* **AIM OF THE EXERCISE**
Transcribe exactly, and only, the lines running from the one that contains "Entrepreneurship Formative Tasks" through the last line of the material. No pictures.

--- SUPPLIED INFORMATION Enclosed Below ---

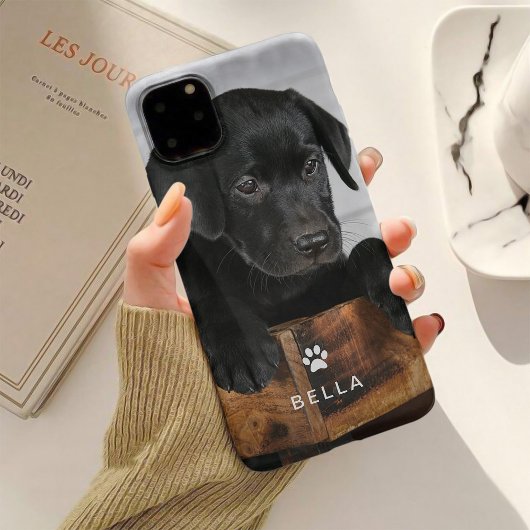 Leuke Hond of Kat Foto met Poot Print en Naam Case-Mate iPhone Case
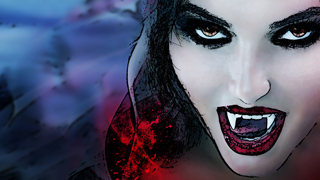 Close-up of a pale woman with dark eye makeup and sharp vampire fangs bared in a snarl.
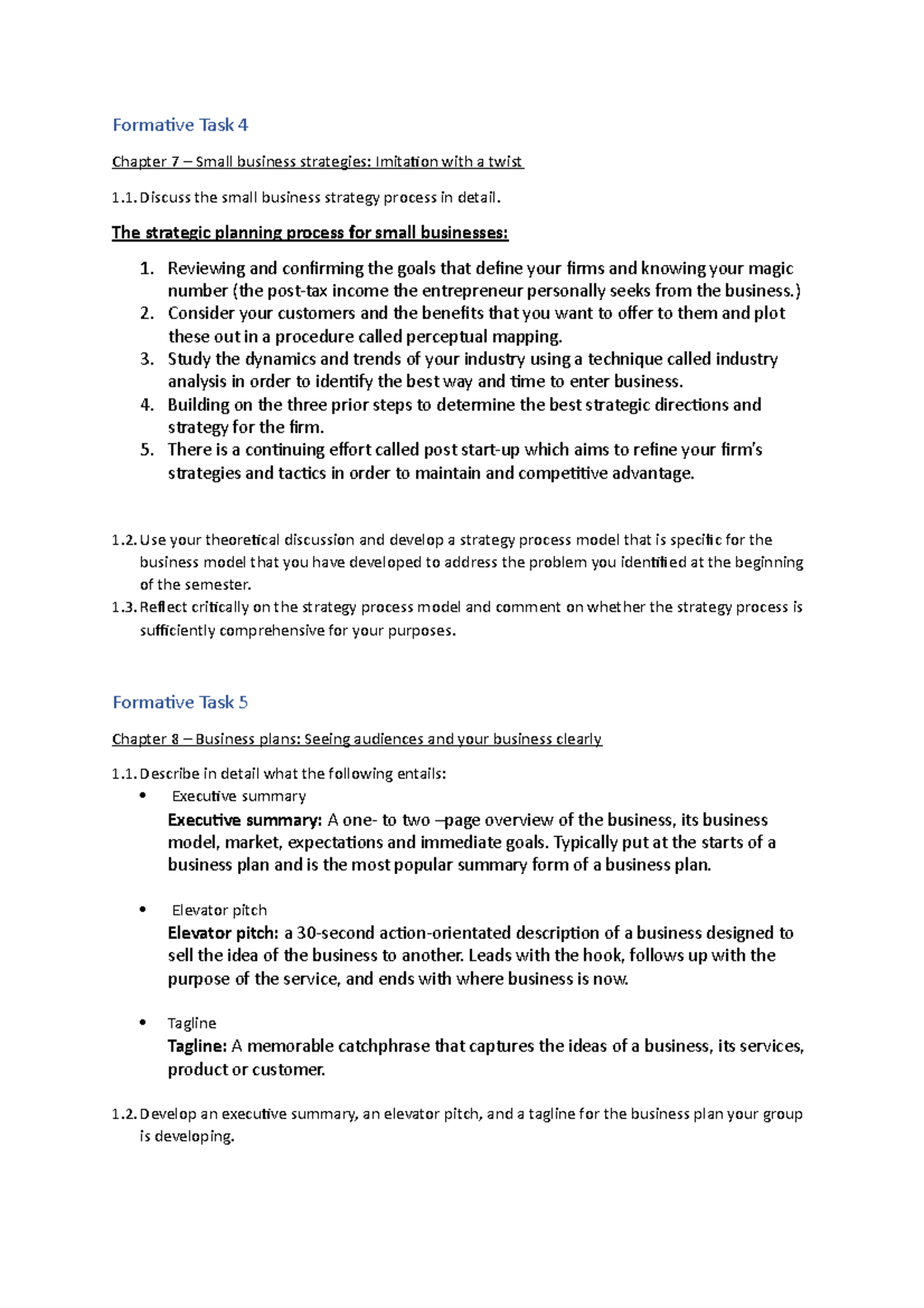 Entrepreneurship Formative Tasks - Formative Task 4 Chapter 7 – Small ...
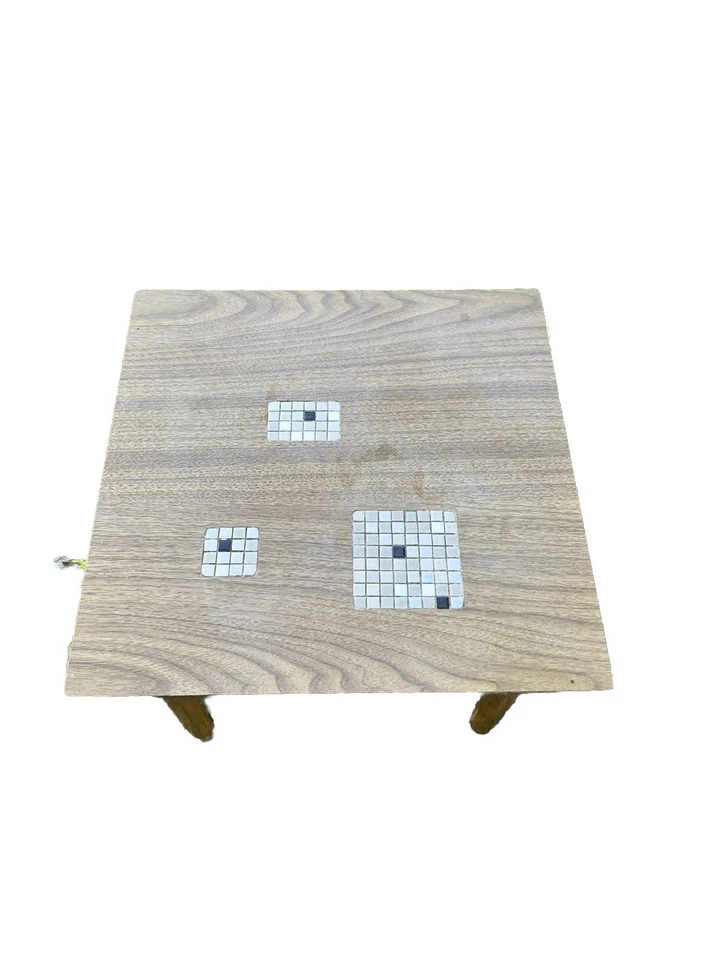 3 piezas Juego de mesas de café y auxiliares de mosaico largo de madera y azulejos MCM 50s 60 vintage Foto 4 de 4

--- End of Enclosed SUPPLIED INFORMATION ---

* **EXPECTED ANSWER**
 Entrepreneurship Formative Tasks - Formative Task 4 Chapter 7 – Small ...
 3 piezas Juego de mesas de café y auxiliares de mosaico largo de madera y azulejos MCM 50s 60 vintage Foto 4 de 4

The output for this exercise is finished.